Funke’s intense seriousness, shot through with a quicksilver sense of humour (Funke means “spark”, appropriately), is the kind of distinctively German sensibility which has almost been forgotten on these shores. It taps into all that is wonderful about Grimm’s fairytales – the vigour, the quirkiness, the instinctive sense of mystery – while recoiling from their racism and cruelty. Where English children’s classics have children losing their parents as quickly as possible, Funke’s novels tend to include parents as protagonists. Mo, Meggie’s father in Inkspell, shares the adventure and the magical power as they search for Meggie’s lost mother.
 
Funke became the breadwinner of the family, writing and illustrating forty books while Rolf, a former printer, took care of the children in order to be as involved with their kids as possible. Like Philip Pullman, Funke understands that what intrigues children most is the power of the adult world: in The Thief Lord, one child chooses to become an adult in a magic roundabout that speeds up or reverses your age. Her own family were all book-obsessed, and her lawyer father took her weekly to the local library in Westphalia, where she read her way through everything and discovered English authors.  (Her favourite children’s novel is TH White’s The Once and Future King, closely followed by Tolkien and CS Lewis.)

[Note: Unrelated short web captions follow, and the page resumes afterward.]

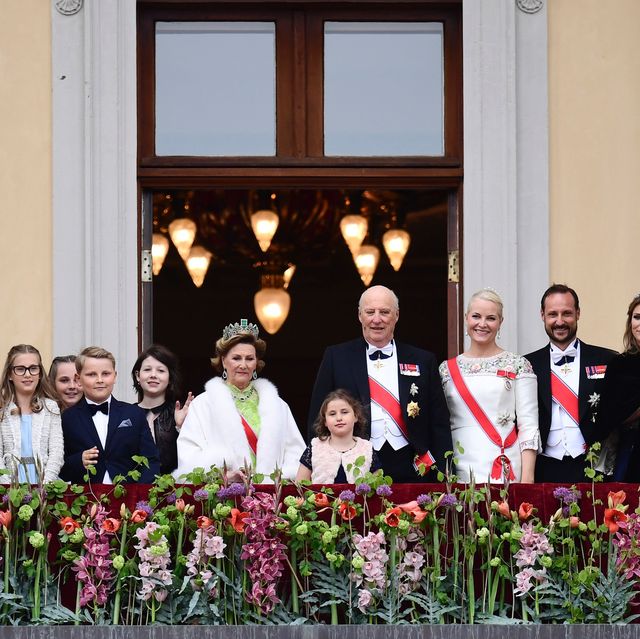 ノルウェー王室一家 3世代揃った家族写真を公開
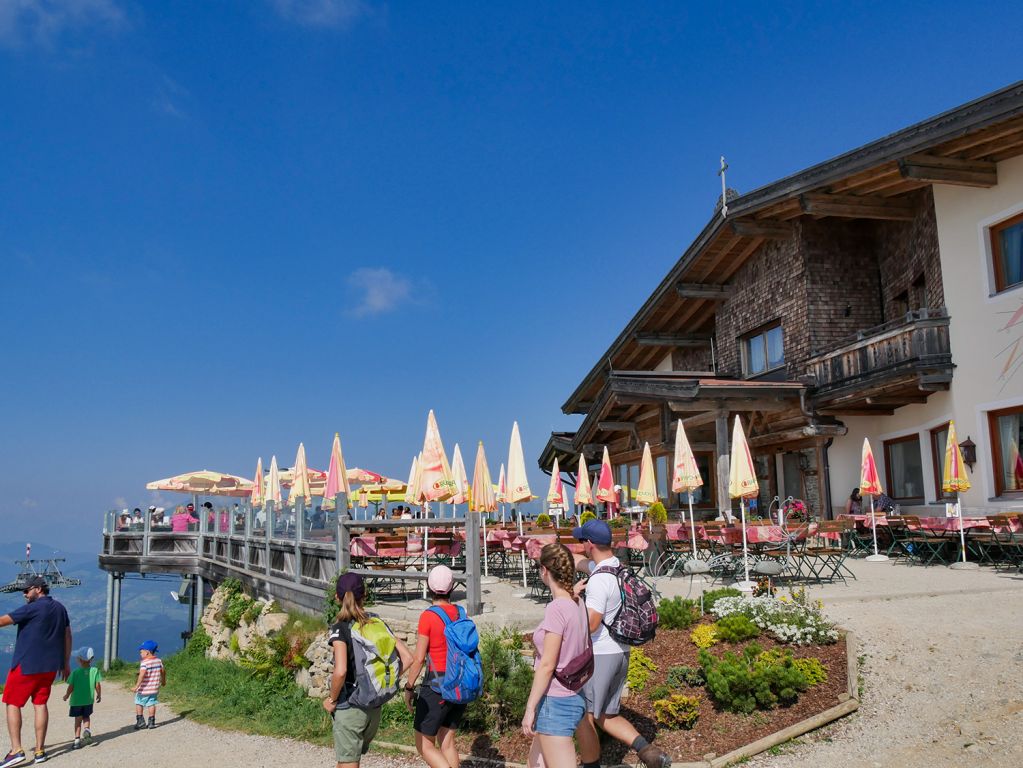 Gipfelrestaurant Hohe Salve - Das Gipfelrestaurant auf der Hohen Salve mit großzügiger Sonnenterrasse. Auf der Terrasse hat man einen schönen Blick Richtung Hopfgarten und auch auf den Startplatz der Paraglider. - © alpintreff.de / christian schön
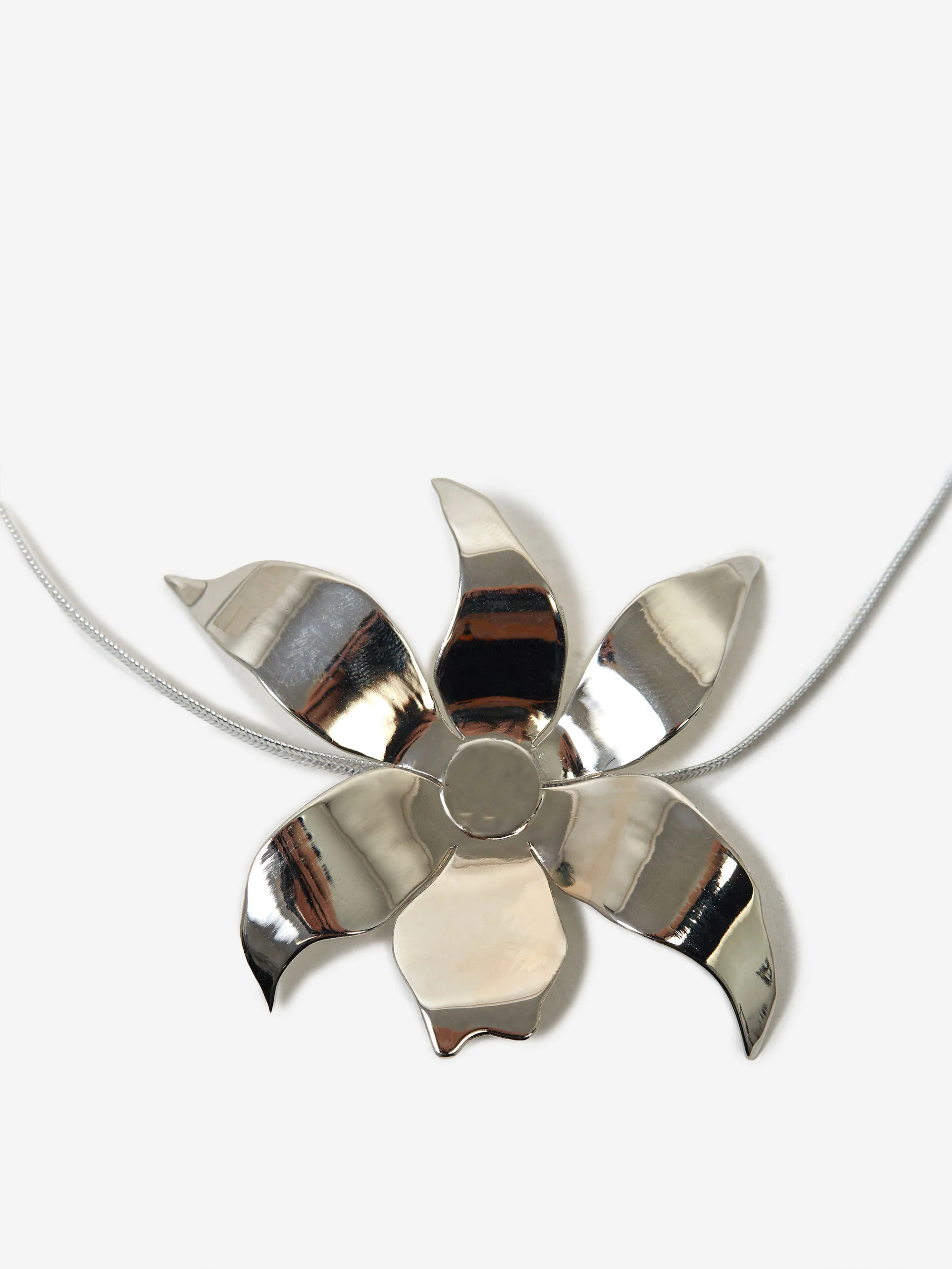 Eyland Evie Flower Necklace - Silver - Image 3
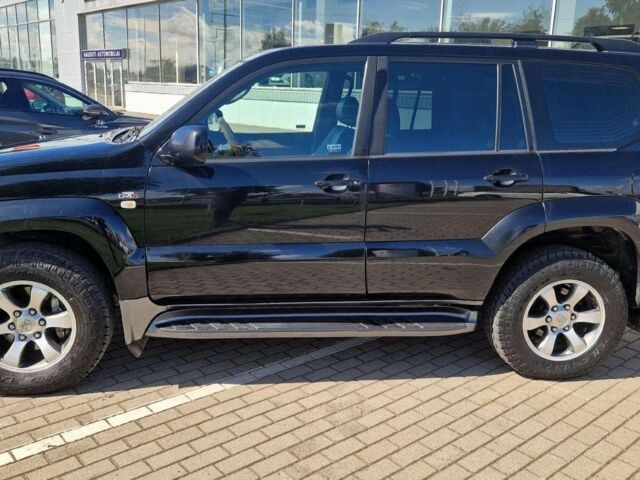 Черный Тойота Ленд Крузер Прадо 120, объемом двигателя 3 л и пробегом 269 тыс. км за 4200 $, фото 1 на Automoto.ua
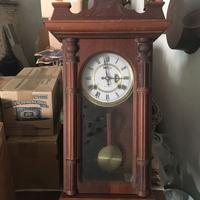 Orologio da parete in legno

“I still remember the first moment when Lucy opened the wardrobe to Narnia, and I thought, I have all those wardrobes of my own. I became a carpenter of wardrobes,” she says with a touch of mischief. Writing the second book of the Inkheart trilogy turned her into a “mad woman scribbling at night, in the cab, on my travels. I opened a door and all these characters ran out.”

Inkheart, and its sequel Inkspell, have a simple but wonderful premise: what if a gifted reader could actually read themselves into a story? Both Mo and his daughter Meggie share the gift of being able to make people from our world disappear into the world of Inkspell, and make people from Inkspell appear in our world in their place. An exploration of the gift and limitations of story-telling, it abounds in wonderful metaphors and dramatisations for creativity. Yet what is particularly strange is that Funke succeeded in getting Inkheart filmed partly because she based Mo on The Mummy film star Brendan Fraser while writing it, and sent him a copy. His interest in playing the part of Mo, which developed into firm family friendship, helped the film get commissioned by New Line.

“I wrote Brendan into my life,” she says, smiling. “He said how strange it was to find somebody on the other side of the planet who knew him so well.”

The current Renaissance in children’s literature is one she views as “a really large bloom, an exceptional situation, which it’s very nice to be part of,” while being aware how rare it is for authors to be a success in more than one country – Pullman she says is almost unknown in Germany, just as the American authors Kate di Camillo and Jerry Spinelli are here. Her new life in California was funded by her sales as a writer, long before the film money came rolling in, and although she is grateful for the sensitive support of new friends there, it’s clear that she is someone who lives, to an exceptional degree, inside books, language and her own creative world.  

“Germans don’t write fantasy,” she says. “I think in a way we’re a little scared of our own tradition because we had the Fascists grab so many myths. I hope the new generation will be able to grab them back and feel free to use them again – in a responsible way.”